The process of exploiting the mapping for additional purposes, however, can allow the introduction of flaws into your encoding semantics. Remember, each string has a single meaning in a code; here, we are beginning to use codes for more than one meaning, namely routing and identification. If you change the business environment, then you will suddenly have a recipe for disaster. For example, the original numbering plan embeds a geographical hierarchy associated with the location of the physical network, and it assumes the use of a network that links telephones connected physically by wires. Therefore, a telephone number with a 212 area code is expected to be attached to a phone jack in New York City.
Now consider the introduction of the mobile phone. While we use the same numbering plan to assign telephone numbers for the process of establishing a connection, the mobile phone is no longer physically tied to a location. Because of this, the assumed embedded geographical hierarchy is no longer true.
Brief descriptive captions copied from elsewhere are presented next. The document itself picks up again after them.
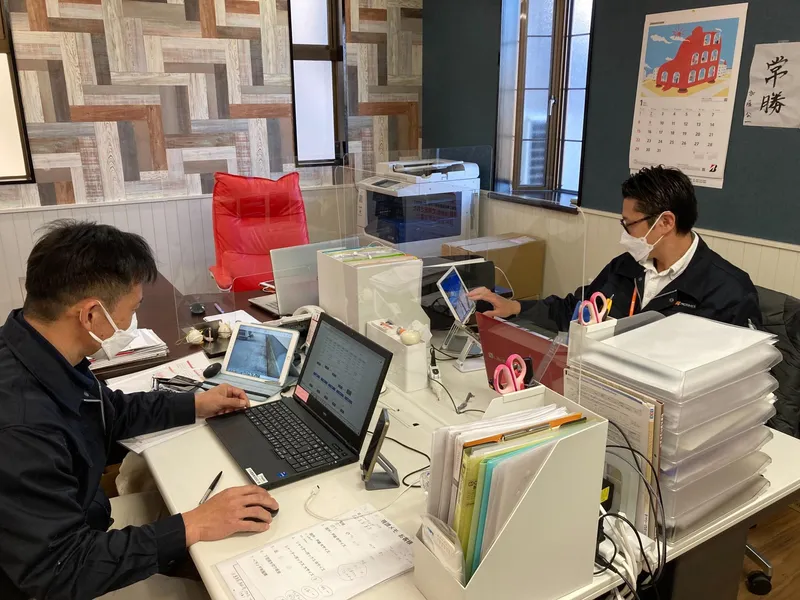 川洋建装株式会社の求人・転職情報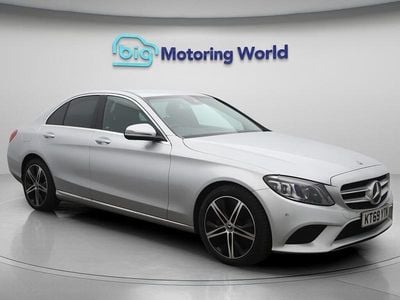 Mercedes C200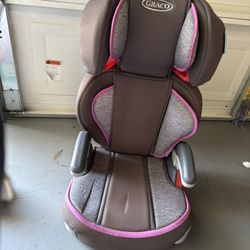Booster Seat For Car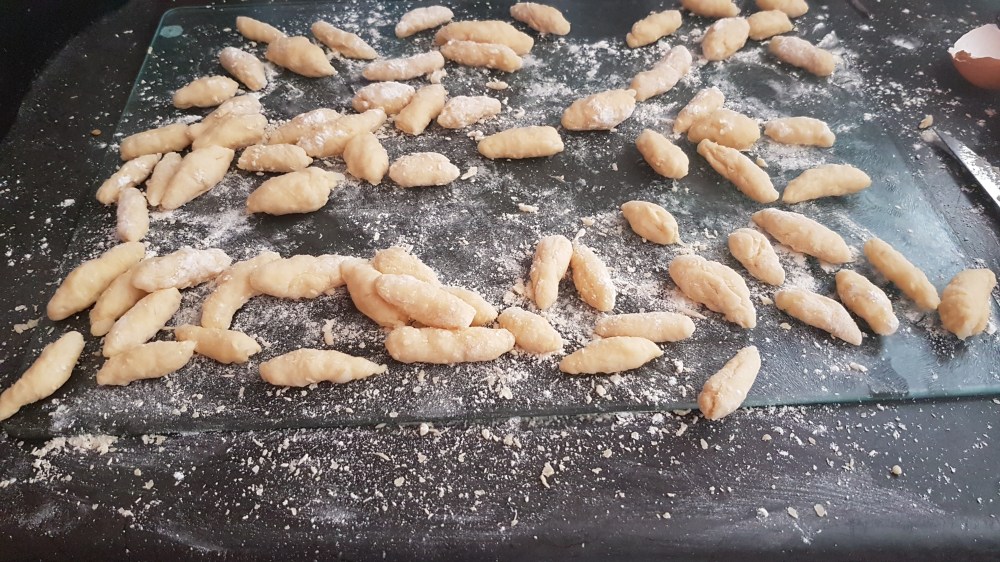 Gnocchi recipe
This becomes problematic when the potential impact of making that assumption is significant. An example of this would be if someone visiting Los Angeles with a New York City mobile phone called 911. If the 911 system routes calls to the police station based on the area code, then the caller will be connected to an emergency response number approximately 3,000 miles away. Clearly, this is not likely to help him very much.
The assumption that could lead to this kind of problem is what I call “code overloading.” I suggested earlier that with a code, each particular code value maps to a single meaning. Code overloading happens when people ascribe additional meanings to codes already in use. In our telephone number example, the meaning of the area code involves message routing directives; the later assumption of geographic classification is how the code’s meaning is overloaded. Similarly, overloading is not a problem until the underlying business environment changes, and makes the assumptions false. Unfortunately, this happens more frequently than one might expect and the underlying businesses rules may eventually, subtly change. And these impacts appear long after the original overloading.
This is somewhat of a conundrum. The longer the overloading problem lies unnoticed, the more penetrating (and insidious) it will become. Sooner or later, it will get to the point where attempting to remediate the situation is just as intractable as ignoring it. As a routine part of data standardization and master data management, data analysis will reveal the existence of code overloading. But how do you deal with code overloading when it becomes a problem?
One practice we have used in our consulting engagements is a two-pronged approach. The first step is to clarify the situation through a review and documentation of all the meanings assigned to the code set, and evaluate the different remediation approaches and their corresponding impacts on production systems. We have typically seen a range of solutions here. Solutions are usually implemented in two ways. One side works to address the most acute needs with the smallest impact. However, they do not fully solve the problems. In contrast, the other side works to address better overall solutions. But these are more painful to implement and deploy. Our approach, though, is much more effective. We use the low-impact solution that catalyzes the long-term thoughtfulness required for better, more strategic solutions.